3ря он пошел. Сидеть днем с подсадной — пустое времяпрепровождение. И на зорьке-то уж селезни неохотно подлетают. Начало мая, самый конец весенней охоты, конец короткой дикой утиной страсти, когда даже на негромкий призыв подсадной слетается иногда по нескольку одуревших от нерастраченной любви кавалеров. Сейчас не то. Природа берет свое: подошел срок, и охладели селезни к уткам — ори не ори.

А шквал, между тем, через несколько минут так же неожиданно резко, как и налетел, почти стих. Да и ливень заметно ослаб. Теперь дождь просто сильно и равномерно лупил по крыше палатки, не грозя уже непременно ее раздавить, и удары грома, казалось, ощущались физически, вероятно, от рыхлости и зыбкости болотной почвы.

Я пошарил рукой углам, не протекло ли снизу, поправил нависший над входом полиэтилен и, сквозь плотную пелену дождя, сквозь ветки редкого кустарника с уже набухшими почками, увидел две неравномерно подрагивающие светящиеся точки, наискосок приближающиеся примерно в мою сторону. Точки шагах в ста, вероятно, на берегу озера.

Сначала я подумал, что пристали на лодке и сквозь кустарник пробираются к тропинке, проходящей левее нашей палатки. Но берег там такой болотистый, что пристать к нему и выбраться на сушу практически невозможно, и зачем днем, да еще в такой дождь, фонарик включать. И точки двигались как-то странно: такое впечатление, что те, кто нес фонари, не шли, как нормальные люди, а плавно подпрыгивали, причем подпрыгивали по очень замысловатой траектории.

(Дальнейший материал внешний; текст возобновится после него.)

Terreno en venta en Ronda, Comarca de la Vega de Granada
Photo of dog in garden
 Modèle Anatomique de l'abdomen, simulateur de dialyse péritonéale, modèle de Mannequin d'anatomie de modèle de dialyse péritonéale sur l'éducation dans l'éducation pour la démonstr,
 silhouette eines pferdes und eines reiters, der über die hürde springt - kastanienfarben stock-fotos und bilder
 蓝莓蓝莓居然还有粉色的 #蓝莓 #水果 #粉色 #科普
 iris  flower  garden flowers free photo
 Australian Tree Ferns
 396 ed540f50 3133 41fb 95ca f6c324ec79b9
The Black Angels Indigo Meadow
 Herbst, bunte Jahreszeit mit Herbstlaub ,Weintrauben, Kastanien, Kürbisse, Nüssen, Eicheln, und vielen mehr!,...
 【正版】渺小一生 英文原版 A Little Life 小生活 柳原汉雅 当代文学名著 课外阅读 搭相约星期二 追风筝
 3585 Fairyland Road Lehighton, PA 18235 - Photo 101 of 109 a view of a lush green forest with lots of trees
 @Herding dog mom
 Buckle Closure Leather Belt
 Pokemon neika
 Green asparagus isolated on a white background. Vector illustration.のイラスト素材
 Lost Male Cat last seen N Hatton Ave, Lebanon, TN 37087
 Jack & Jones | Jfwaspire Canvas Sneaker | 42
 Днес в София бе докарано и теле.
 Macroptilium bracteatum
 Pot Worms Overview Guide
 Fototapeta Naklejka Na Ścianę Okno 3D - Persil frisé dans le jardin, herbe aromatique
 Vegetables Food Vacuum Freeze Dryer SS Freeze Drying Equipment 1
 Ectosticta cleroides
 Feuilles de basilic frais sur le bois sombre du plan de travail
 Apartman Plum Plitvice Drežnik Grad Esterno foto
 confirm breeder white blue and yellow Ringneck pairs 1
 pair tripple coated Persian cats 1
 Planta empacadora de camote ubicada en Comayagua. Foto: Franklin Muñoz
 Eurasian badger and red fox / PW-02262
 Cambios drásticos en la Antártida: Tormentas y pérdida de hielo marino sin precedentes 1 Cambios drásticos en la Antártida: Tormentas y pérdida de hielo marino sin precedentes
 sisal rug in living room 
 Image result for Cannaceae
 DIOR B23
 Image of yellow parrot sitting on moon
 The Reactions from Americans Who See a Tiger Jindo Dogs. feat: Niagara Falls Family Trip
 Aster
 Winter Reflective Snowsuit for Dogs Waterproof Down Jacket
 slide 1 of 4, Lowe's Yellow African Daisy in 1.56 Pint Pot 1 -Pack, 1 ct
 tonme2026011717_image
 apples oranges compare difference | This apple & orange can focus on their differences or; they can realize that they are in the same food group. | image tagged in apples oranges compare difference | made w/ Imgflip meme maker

Я, чтобы лучше разглядеть, больше подвернул полиэтилен и встал на колени у самого входа. А светящиеся точки, между тем, приближаясь, все так же подрагивая и плавно подпрыгивая, то сближаясь между собой, то слегка расходясь, превратились уже в светящиеся шарики величиной чуть меньше теннисного мяча, и ясно было, что людей там нет, а шарики двигаются самостоятельно, едва касаясь верхушек кустарника.

И вдруг один бесследно исчез, без всякого звука, зато второй, словно освободившись от тянущего его в сторону товарища, медленно поплыл прямо к палатке.

И тут меня как шарахнуло — шаровая молния! Сколько раз я читал про это явление, даже по телевизору видел, и всегда представлял, что величиной она должна быть с футбольный мяч или блюдце, но никак не такая маленькая. А зрелище завораживающее, даже фантастическое: в мутной пелене дождя плывет, подрагивая, светящийся огненный сгусток и не гаснет.

Испугался ли я? Наверное. Но в ступор вошел точно. И дыхание сбилось. Это я уже потом после всего почувствовал, чуть не задохнулся. А огненный шарик, у которого, как мне теперь казалось, был даже еле заметный светящийся ободок, не долетев метров десяти до палатки, резко свернул в сторону тропинки и тоже бесследно исчез, но теперь уже еле слышным звуком — словно две сухие деревяшки друг о друга стукнулись. И все.

Пару минут или чуть больше длилось это фантасмагорическое зрелище. И сколько простоял я так в состоянии ступора на коленях у выхода из палатки, трудно сказать, но когда выполз наружу, ноги у меня были совсем одеревеневшими, а гроза уже почти кончилась. Сверкало и громыхало еще вовсю, но вместо дождя в воздухе витала лишь водяная пыль, а в небольшом просвете угадывалось солнце. Прошедшая туча не казалась теперь такой зловещей, как надвигавшаяся.

К месту, где исчез первый шар, я подходил с большой опаской, но никаких видимых следов не осталось. Ничего такого особенного не было и там, где исчез второй шар.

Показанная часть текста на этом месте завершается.